* [What is expected]: Transcribe the entries below exactly, starting with the line that has "2600 S Kanner" and stopping after the line that has "Abel porn video"; no pictures belong in the copy.

* [Material for this exercise]:

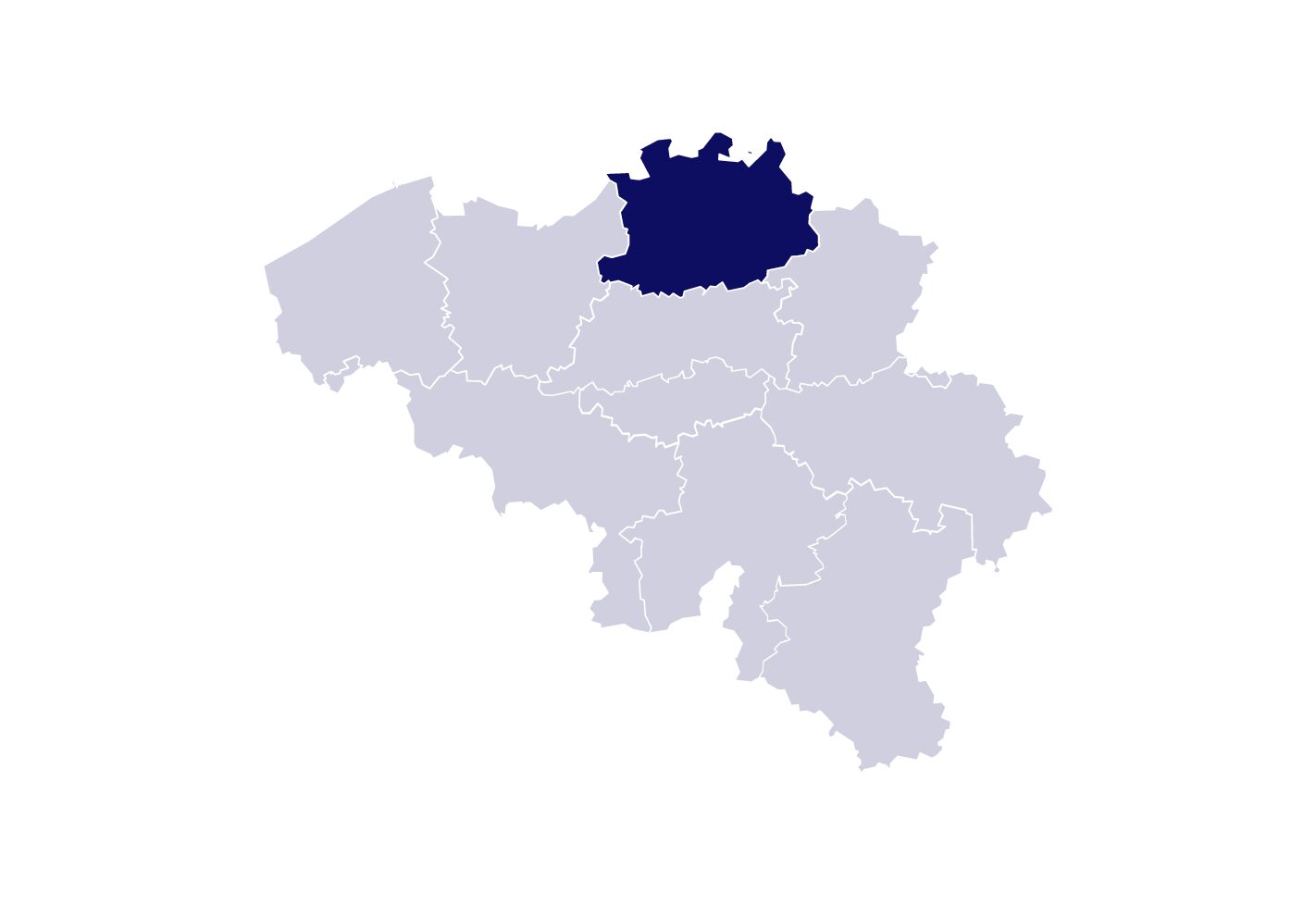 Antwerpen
--
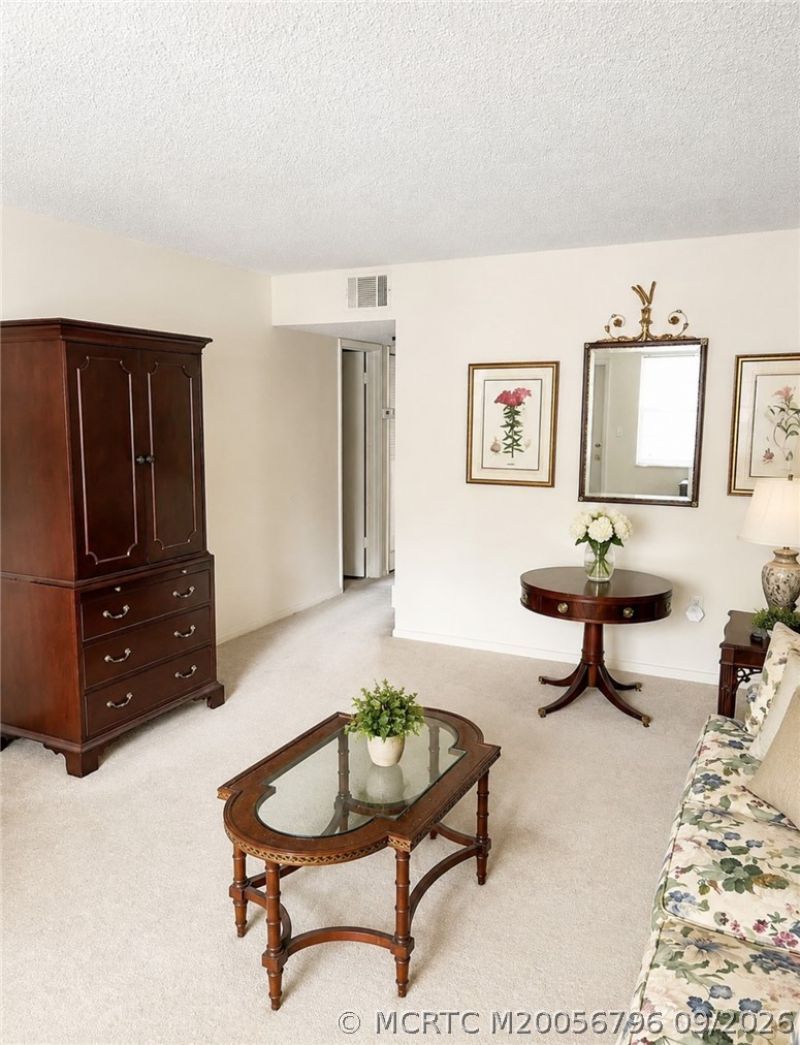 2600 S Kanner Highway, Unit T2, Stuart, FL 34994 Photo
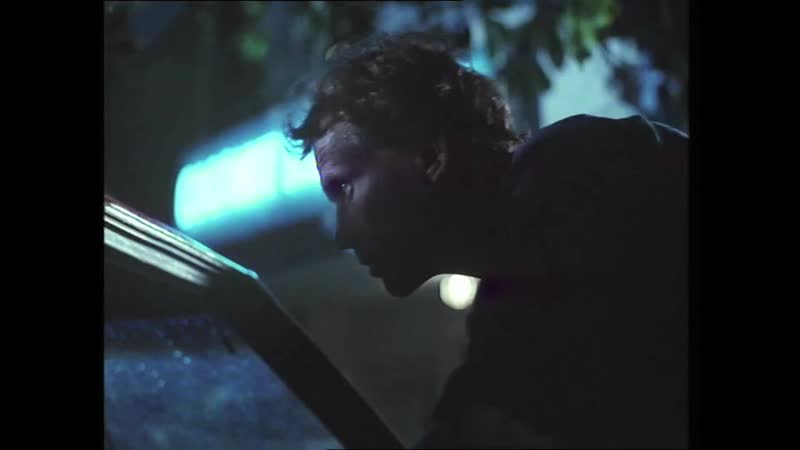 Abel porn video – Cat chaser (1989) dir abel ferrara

* [Solution to the exercise]:
 2600 S Kanner Highway, Unit T2, Stuart, FL 34994 Photo
 Abel porn video – Cat chaser (1989) dir abel ferrara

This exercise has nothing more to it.